Fs           = 48e3;         % Sampling Frequency in Hz
Fpass        = 9.6e3;        % Passband Frequency in Hz
Fstop        = 12e3;         % Stopband Frequency in Hz
Apass        = 1;            % Passband Ripple in dB
Astop        = 90;           % Stopband Attenuation in dB

lpSpec = fdesign.lowpass( 'Fp,Fst,Ap,Ast',...
    Fpass, Fstop, Apass, Astop, Fs);

lpFilter = design(lpSpec, 'equiripple', 'filterstructure', 'dffir',...
    'SystemObject', true);

Quantize the Filter

Since DA implements the FIR filter by serializing the input data bits, it requires a quantized filter. Assume that 12 bit input and output word lengths with 11 fractional bits are required (due to of fixed data path requirements or input ADC/output DAC widths). Apply these fixed point settings.

inputDataType = numerictype(1,12,11);
outputDataType = inputDataType;
coeffsDataType = numerictype(1,16,16);

lpFilter.FullPrecisionOverride = false;
lpFilter.CoefficientsDataType = 'Custom';
lpFilter.CustomCoefficientsDataType = coeffsDataType;
lpFilter.OutputDataType = 'Custom';
lpFilter.CustomOutputDataType = outputDataType;

% Now check the filter response with fvtool.
fvtool(lpFilter,'Fs',Fs,'Arithmetic','fixed');

Generate HDL Code with DA Architecture

To generate HDL Code with DA architecture, invoke the generatehdl command, passing in a valid value to the 'DALUTPartition' property. The 'DALUTPartition' property directs the code generator to use DA architecture, and divides the LUT into a specified number of partitions. The 'DALUTPartition' property specifies the number of LUT partitions, and the number of the taps associated with each partition. For a filter with many taps it is best to divide the taps into a number of LUTs, with each LUT storing the sum of coefficients for only the taps associated with it. The sum of the LUT outputs is computed in a tree structure of adders.

Check the filter length by getting the number of coefficients.

FL = length(lpFilter.Numerator);

Assume that you have 8 input LUTs; calculate the value of the DALUTPartition property such that you use as many of these LUTs as possible per partition.

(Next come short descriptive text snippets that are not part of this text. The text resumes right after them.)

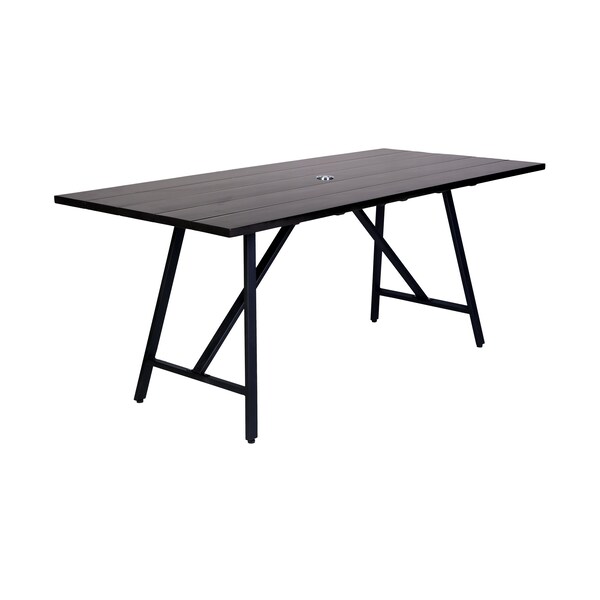 Armen Living Koala and Clip 5 Piece Dining Set in Dark Eucalyptus Wood and Metal with Black Rope - 840254332324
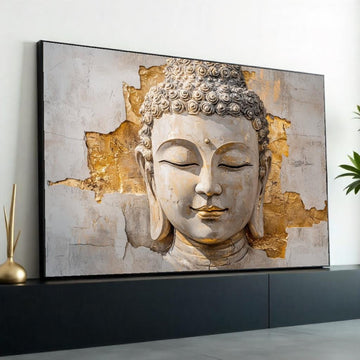 White & Gold Buddha Canvas, Elegant Zen Wall Art, Modern Spiritual Decor, Mindful Gift for Home or Yoga Studio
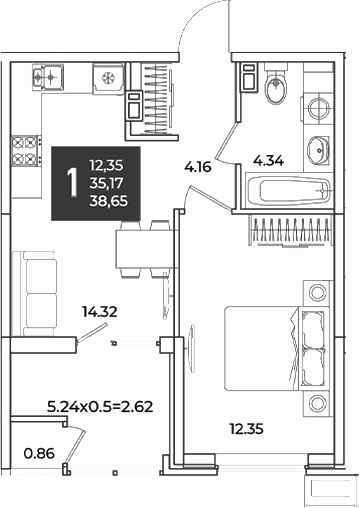 Продается 1-комн. квартира, 35.17 м²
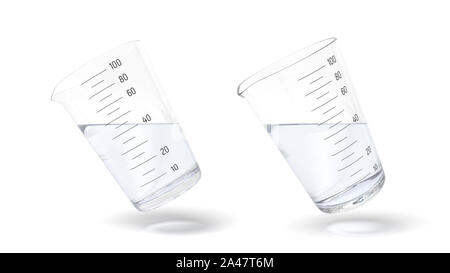 Le rendu 3d de deux tasses à mesurer la moitié rempli de liquide transparent, isolé sur fond blanc. Art numérique des ustensiles de cuisine. Poids de cuisson Banque D'Images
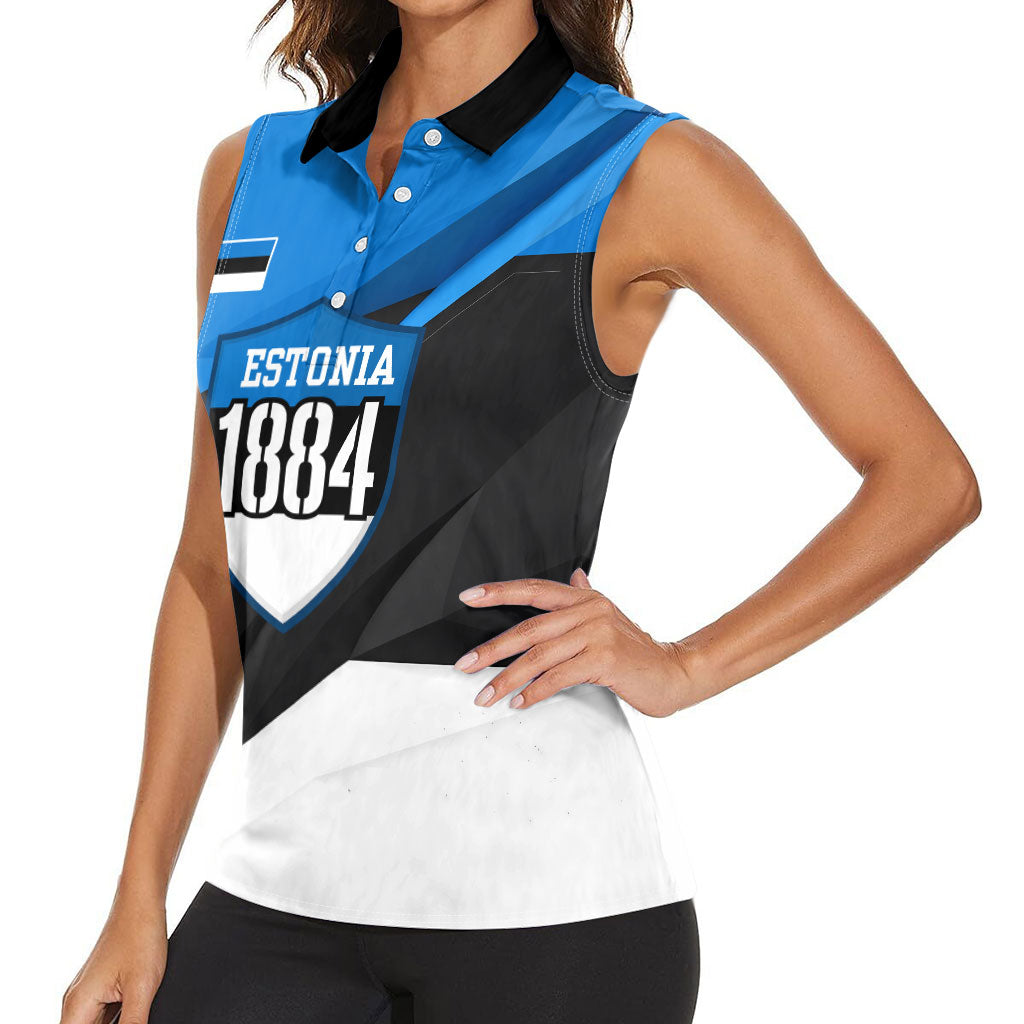 Estonia Flag 1884 Freedom Women Sleeveless Polo Shirt Geometric Lion Crest National Pride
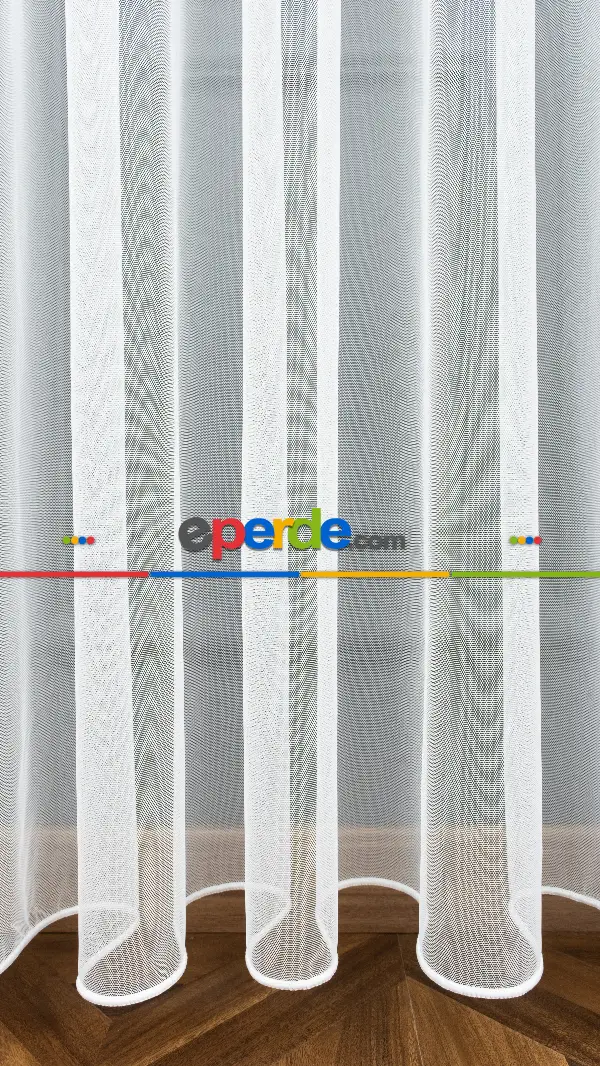 Çocuk Odası - Grek Tül Düz Zemin Dökümlü Ekru Tül- Ekru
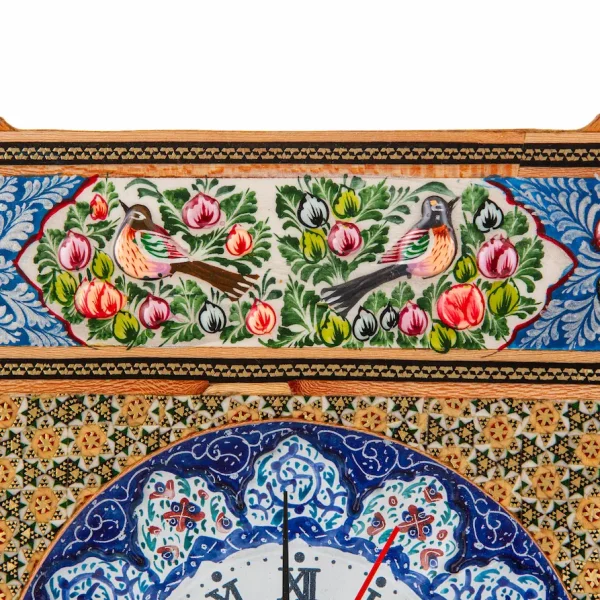 Persian Floral and Bird Khatam and Minakari Clock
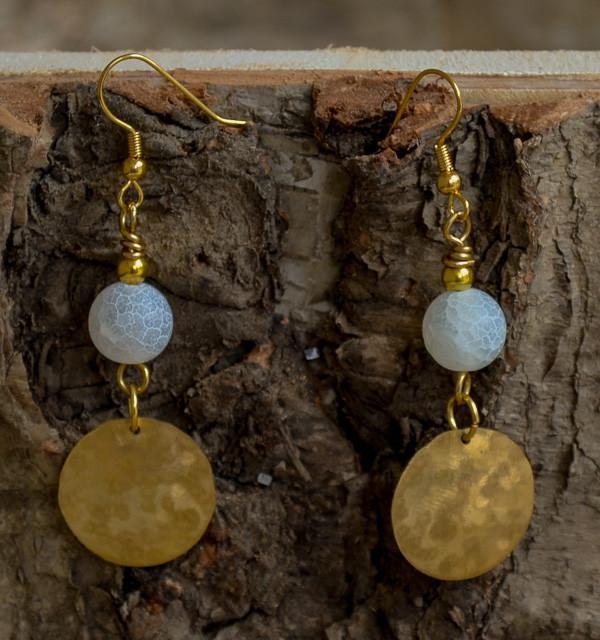 Little Moon - Recycled Brass Earrings - Cracked Agate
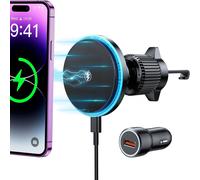 Trahoo-Support Telephone Voiture Induction, Auto-Align Support Voiture Pour Magsafe, Pince Vent Ultra Stable & Charge Rapide, Compatible Avec Les S¿¿Ries Iphone 16/15/14 Chargeur Voiture, Qc 3.0 Inclu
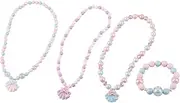 [LRXIYODE] 1Set Beaded Jewelry Set Necklaces Bracelet Pearl Shell Pendants Creative Jewelry for Parties Everyday Wear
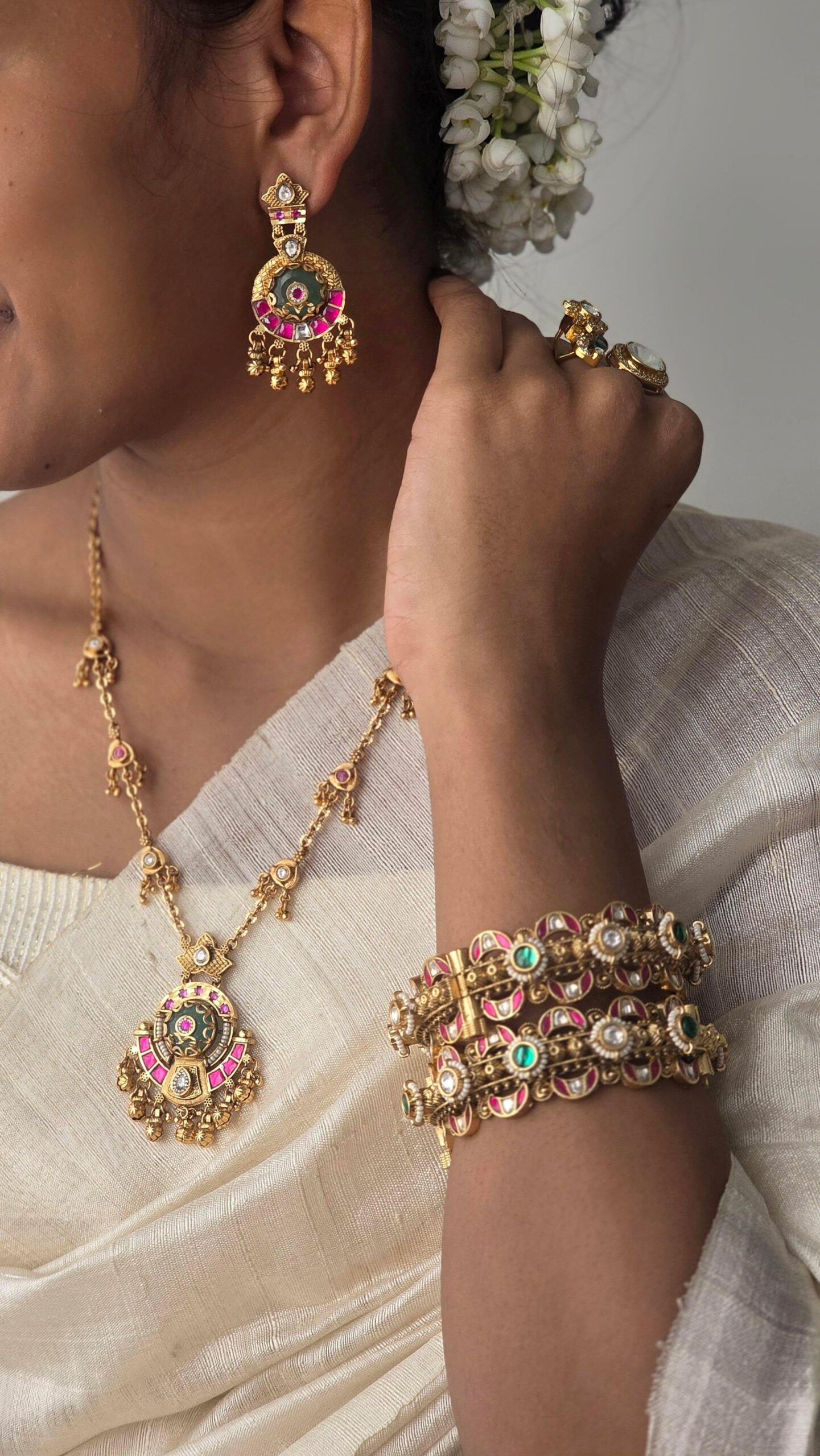 Lakshmi delicate handcrafted long necklace Thumbnail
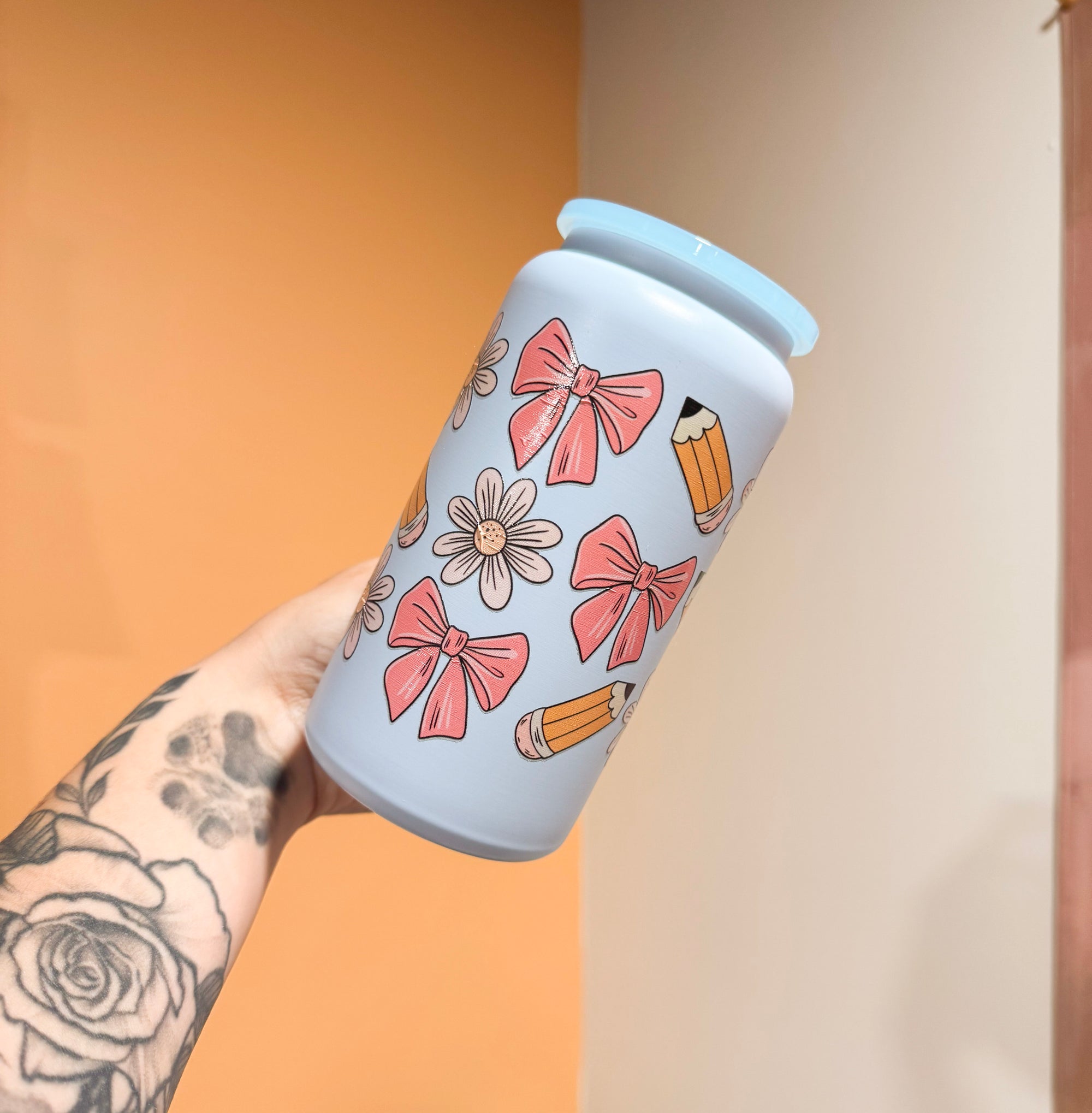 Pencils and Bows Blue Insulated Cup with Handle-IMPERFECT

dalut = [ones(1, floor(FL/8))*8, mod(FL, 8)];

Generate HDL with DA architecture. By default, VHDL code is generated. To generate Verilog code, pass in the 'TargetLanguage' property with the value 'Verilog'.

workingdir = tempname;
generatehdl(lpFilter, 'DALUTPartition', dalut, ...
                'TargetDirectory', workingdir, ...
                'InputDataType', inputDataType);

### Structure fir has symmetric coefficients, consider converting to structure symmetricfir for reduced area.
### Starting VHDL code generation process for filter: firfilt
### Generating: /tmp/Bdoc24a_2528353_248711/tpf02517ae_0de5_4e2f_93a6_cbd26d308939/firfilt.vhd
### Starting generation of firfilt VHDL entity
### Starting generation of firfilt VHDL architecture
### Clock rate is 12 times the input sample rate for this architecture.
### Successful completion of VHDL code generation process for filter: firfilt
### HDL latency is 3 samples

Convert the Filter Structure to 'Direct form symmetric' and Generate HDL

A symmetrical filter structure offers advantages in hardware, as it halves the number of coefficients to work with. This reduces the hardware complexity substantially. Create a new FIR filter System object 'lpSymFilter' with a 'Direct form symmetric' structure and the same fixed point settings.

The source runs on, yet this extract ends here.